◆ Exercise ◆
Filter the listing down to the lines containing the word "Natural".

----------------

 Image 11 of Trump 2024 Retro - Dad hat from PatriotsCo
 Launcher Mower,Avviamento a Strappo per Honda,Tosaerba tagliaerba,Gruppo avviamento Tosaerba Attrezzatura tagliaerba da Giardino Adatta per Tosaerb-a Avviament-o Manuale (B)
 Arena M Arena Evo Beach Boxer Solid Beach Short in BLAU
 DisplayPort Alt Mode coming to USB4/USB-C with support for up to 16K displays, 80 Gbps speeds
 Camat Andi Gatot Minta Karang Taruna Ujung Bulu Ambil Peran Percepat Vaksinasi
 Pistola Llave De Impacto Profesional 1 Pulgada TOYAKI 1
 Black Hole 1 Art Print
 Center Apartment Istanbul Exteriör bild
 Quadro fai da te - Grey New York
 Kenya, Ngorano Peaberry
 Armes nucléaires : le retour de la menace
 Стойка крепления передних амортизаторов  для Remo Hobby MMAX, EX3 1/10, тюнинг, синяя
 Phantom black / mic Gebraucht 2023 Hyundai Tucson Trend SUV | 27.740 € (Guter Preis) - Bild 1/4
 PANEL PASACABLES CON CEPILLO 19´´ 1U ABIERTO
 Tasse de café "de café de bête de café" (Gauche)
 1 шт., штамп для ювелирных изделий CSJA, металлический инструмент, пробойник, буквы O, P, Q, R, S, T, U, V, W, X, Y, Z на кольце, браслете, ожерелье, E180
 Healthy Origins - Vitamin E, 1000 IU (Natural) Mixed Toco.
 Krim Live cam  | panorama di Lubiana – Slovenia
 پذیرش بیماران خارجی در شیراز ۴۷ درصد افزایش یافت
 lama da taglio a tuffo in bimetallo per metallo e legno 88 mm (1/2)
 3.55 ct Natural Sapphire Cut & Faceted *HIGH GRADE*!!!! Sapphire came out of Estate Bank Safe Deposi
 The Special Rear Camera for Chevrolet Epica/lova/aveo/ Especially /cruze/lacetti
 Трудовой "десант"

----------------

◆ Finished exercise ◆
 Healthy Origins - Vitamin E, 1000 IU (Natural) Mixed Toco.
 3.55 ct Natural Sapphire Cut & Faceted *HIGH GRADE*!!!! Sapphire came out of Estate Bank Safe Deposi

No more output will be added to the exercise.